### Activity
From the entries that follow, extract each line holding the string "wood".

(Records from a dataset)
------------------------------------------------
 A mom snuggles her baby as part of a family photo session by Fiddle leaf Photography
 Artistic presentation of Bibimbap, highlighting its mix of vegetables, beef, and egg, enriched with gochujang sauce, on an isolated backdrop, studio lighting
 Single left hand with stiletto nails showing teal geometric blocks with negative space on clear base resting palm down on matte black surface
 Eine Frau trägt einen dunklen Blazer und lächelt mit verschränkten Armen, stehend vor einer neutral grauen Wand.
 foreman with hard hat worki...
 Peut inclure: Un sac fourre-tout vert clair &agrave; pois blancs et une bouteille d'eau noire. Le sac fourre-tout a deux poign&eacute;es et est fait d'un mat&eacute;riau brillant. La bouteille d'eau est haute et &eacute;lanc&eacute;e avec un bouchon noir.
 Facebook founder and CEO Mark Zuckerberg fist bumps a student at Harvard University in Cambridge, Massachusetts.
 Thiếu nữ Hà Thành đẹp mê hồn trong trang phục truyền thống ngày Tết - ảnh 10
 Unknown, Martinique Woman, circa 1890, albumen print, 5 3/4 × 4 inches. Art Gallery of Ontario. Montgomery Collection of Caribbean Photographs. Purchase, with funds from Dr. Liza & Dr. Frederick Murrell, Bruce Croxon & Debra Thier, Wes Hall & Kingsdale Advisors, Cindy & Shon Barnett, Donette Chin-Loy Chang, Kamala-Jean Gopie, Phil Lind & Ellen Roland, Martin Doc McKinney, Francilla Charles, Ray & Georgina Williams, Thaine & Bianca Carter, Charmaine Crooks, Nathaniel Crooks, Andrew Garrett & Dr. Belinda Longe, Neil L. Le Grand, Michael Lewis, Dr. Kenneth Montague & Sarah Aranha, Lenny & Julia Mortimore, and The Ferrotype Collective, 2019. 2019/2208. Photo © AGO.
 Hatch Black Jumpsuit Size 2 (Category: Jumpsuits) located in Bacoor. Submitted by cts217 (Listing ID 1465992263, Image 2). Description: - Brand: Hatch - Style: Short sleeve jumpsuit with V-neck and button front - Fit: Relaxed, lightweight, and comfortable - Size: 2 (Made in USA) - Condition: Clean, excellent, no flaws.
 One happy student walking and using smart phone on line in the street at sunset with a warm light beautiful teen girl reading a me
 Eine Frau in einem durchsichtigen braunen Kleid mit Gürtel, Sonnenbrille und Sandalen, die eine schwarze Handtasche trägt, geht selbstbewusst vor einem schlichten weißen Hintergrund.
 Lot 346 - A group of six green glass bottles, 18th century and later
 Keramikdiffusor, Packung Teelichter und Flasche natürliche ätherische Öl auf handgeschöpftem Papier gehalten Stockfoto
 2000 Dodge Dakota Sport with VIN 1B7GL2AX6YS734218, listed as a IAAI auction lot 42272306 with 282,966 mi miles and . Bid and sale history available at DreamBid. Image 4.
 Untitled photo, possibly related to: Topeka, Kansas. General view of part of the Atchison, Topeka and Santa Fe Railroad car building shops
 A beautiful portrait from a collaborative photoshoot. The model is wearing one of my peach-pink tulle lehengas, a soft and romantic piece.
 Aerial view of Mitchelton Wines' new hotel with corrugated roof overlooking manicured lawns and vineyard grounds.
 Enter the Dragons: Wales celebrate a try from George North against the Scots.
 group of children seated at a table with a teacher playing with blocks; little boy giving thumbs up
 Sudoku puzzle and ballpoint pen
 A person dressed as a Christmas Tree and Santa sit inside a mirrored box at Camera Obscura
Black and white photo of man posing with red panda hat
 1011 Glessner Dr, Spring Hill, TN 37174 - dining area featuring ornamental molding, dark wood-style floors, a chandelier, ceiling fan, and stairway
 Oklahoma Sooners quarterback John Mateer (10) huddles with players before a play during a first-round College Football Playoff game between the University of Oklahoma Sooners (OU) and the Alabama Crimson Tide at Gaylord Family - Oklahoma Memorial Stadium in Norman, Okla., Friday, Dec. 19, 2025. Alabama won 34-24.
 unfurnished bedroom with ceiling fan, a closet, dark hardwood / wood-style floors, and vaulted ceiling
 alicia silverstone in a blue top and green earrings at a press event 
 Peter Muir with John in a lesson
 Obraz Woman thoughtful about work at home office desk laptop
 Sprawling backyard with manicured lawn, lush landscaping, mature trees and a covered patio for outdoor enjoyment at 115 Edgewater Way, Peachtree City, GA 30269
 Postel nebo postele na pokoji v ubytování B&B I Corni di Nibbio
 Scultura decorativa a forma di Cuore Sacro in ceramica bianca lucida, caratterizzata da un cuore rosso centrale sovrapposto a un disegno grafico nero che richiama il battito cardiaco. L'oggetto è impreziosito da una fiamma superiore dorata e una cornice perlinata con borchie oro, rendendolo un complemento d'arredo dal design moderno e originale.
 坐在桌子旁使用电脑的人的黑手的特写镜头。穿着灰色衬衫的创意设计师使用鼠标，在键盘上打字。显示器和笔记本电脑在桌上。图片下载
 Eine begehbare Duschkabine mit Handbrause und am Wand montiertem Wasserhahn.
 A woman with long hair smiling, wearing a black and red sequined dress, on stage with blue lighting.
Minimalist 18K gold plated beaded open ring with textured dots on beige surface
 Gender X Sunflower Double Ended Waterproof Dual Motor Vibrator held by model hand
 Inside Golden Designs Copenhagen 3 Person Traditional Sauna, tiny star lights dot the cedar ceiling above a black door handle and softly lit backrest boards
------------------------------------------------
### Task result
 1011 Glessner Dr, Spring Hill, TN 37174 - dining area featuring ornamental molding, dark wood-style floors, a chandelier, ceiling fan, and stairway
 unfurnished bedroom with ceiling fan, a closet, dark hardwood / wood-style floors, and vaulted ceiling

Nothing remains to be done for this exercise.